Italian director Sergio Leone’s epic spaghetti Western, Once Upon a Time in the West, can claim one of the most memorable film openings of all time. As three bandits wait for the train to arrive at Flagstone station, the eerie silence is punctuated by a squeaky wind mill, a buzzing fly, the static of the telegraph line, the breathing of the bandits, culminating in the cantankerous sound of the steam engine’s arrival.
In the crosshairs of the bandits, “the man with no name” (Charles Bronson) performs his eerie, repetitive riff on his harmonica, then, a trace of Ennio Morricone’s famous score, the “judgement” track. The pumping steam engine and its whistle build up a heartbeat tension that prepares us for the first smack of violence. It literally sets the scene for the rest of the film – moments of quiet and stillness, always underwritten by the lingering threat of violence that hovers over the idyll of the West.

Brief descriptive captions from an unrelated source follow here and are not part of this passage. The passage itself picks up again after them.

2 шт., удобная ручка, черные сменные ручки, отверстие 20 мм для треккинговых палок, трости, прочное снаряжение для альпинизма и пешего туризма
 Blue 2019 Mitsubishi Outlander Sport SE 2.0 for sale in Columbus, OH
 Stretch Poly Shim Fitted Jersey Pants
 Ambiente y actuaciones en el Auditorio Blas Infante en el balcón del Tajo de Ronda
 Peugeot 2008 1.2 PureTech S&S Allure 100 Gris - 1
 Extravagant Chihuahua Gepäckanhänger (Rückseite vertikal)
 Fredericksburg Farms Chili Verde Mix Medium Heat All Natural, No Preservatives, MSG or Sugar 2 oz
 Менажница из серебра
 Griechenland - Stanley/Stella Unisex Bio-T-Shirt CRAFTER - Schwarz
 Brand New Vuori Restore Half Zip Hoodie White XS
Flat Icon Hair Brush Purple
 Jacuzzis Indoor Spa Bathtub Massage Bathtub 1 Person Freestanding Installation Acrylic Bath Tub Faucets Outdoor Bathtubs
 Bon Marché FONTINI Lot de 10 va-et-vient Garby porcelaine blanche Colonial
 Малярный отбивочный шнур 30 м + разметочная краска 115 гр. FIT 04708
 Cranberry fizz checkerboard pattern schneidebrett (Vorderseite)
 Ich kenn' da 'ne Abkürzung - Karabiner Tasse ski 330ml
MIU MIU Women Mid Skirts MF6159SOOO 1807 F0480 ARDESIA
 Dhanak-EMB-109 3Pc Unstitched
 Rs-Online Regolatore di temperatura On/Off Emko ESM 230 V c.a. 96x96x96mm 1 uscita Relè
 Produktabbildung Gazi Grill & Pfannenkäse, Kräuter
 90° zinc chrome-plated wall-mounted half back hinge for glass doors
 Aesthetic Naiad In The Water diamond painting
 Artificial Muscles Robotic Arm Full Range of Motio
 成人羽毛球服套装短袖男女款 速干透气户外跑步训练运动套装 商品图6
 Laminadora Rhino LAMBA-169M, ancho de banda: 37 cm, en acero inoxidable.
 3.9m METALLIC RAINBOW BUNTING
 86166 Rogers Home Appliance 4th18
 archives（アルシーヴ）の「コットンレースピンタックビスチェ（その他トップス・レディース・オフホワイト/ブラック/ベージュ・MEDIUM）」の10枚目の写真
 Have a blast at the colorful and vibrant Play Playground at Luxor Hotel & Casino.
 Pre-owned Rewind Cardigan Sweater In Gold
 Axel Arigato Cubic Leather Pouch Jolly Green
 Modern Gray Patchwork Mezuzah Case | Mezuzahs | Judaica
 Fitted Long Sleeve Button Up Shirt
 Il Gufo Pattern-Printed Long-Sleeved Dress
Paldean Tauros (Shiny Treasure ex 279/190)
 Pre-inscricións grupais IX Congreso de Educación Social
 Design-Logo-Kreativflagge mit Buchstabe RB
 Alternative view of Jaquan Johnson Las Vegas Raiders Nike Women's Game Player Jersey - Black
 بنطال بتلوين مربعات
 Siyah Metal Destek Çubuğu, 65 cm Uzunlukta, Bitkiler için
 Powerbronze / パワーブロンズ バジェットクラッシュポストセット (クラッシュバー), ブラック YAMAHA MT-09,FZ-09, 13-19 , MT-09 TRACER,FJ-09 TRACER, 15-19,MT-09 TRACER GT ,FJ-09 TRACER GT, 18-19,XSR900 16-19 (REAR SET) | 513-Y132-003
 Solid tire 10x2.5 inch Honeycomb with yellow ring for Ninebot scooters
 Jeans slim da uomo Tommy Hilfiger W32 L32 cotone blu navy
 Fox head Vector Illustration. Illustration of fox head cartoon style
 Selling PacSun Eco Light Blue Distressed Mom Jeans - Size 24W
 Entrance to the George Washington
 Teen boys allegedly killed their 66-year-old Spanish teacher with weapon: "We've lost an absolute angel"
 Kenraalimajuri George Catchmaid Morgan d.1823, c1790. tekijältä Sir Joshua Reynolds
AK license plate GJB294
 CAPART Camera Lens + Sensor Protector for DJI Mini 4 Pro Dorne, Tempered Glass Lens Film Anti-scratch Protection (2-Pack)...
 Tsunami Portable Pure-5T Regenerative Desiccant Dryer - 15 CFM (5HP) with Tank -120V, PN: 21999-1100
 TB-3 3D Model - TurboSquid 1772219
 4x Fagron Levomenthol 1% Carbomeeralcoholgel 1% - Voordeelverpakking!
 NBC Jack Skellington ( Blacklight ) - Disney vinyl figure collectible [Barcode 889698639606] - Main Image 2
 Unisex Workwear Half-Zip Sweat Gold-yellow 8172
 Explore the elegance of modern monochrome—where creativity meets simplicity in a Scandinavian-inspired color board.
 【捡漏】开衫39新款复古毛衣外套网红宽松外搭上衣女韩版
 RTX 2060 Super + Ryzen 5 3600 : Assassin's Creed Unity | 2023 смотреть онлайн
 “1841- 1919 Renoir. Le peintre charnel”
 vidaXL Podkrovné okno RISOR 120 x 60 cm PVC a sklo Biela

After the station episode, we meet the McBains, widower Brett McBain preparing a feast with his family at his Sweetwater property to welcome his new wife Jill, travelling from New Orleans. But again, the peace is punctured by violence, the family unapologetically executed by hired henchman Frank (Henry Fonda) and his bandits. Jill (played by Claudia Cardinale), arrives, carrying with her the hopes of a new life on the frontier after her tawdry existence as a prostitute in New Orleans, to find her new family killed, and her own life is under threat.
It turns out that Frank’s employer, the railroad tycoon Moreton, merely wanted to ruffle the feathers of Brett McBain to coerce him to sell-up, not to have him and his family killed. Moreton orders Frank to back off of Jill, but Frank clearly gets a kick out of killing, and intimidates Moreton so he can call the shots. Fonda is a picture of brooding evil in the film, uncharacteristically – yet perfectly – cast as the villain. Fonda was reluctant to take the role, and once agreeing to take the part, turned up to the set with brown contact lenses and facial hair. Leone didn’t want the cliché though, and saw the potential of Fonda’s famous pale blues to belong to that of a stone faced killer.
Leone plays with our understanding (and expectations) of the Western genre. The lead seems to be Fonda, as the villain, and the “hero” role is split between Harmonica; whose motivation isn’t revealed until the denouement, and Cheyenne (played by Jason Robards), a wanted bandit framed by Frank for the McBain killings. Jill is also not your typical Western damsel in distress, rather, she is initially reluctant for the men to assist her at all, and she uses what facilities she has to survive, bedding Frank at one stage to escape being killed.
While he sought to subvert or twist conventions of the Western, In Once Upon a Time in the West, Leone also created an ode to the genre, the film a tissue of quotations, taking names, scenes, shots and tropes from a litany of canonical Westerns like High Noon, The Searchers, Shane and The Man Who Shot Liberty Valance to name a few. When the story was in development, Leone and co-creators Bernardo Bertolucci and Dario Argento, both of whom were film critics before becoming directors, spent a year watching Westerns, and from this education constructed a story made up almost entirely of references to other films.
Like most of the spaghetti Westerns, Once Upon a Time in the West, performed well at the European box-office. However, the whittled down version of the film Paramount Studios released in America was considered a flop at the time. Over the years however, the film has gained a cult following and is now considered alongside John Ford’s The Searchers (also dismissed at the time), as one of the best in the genre.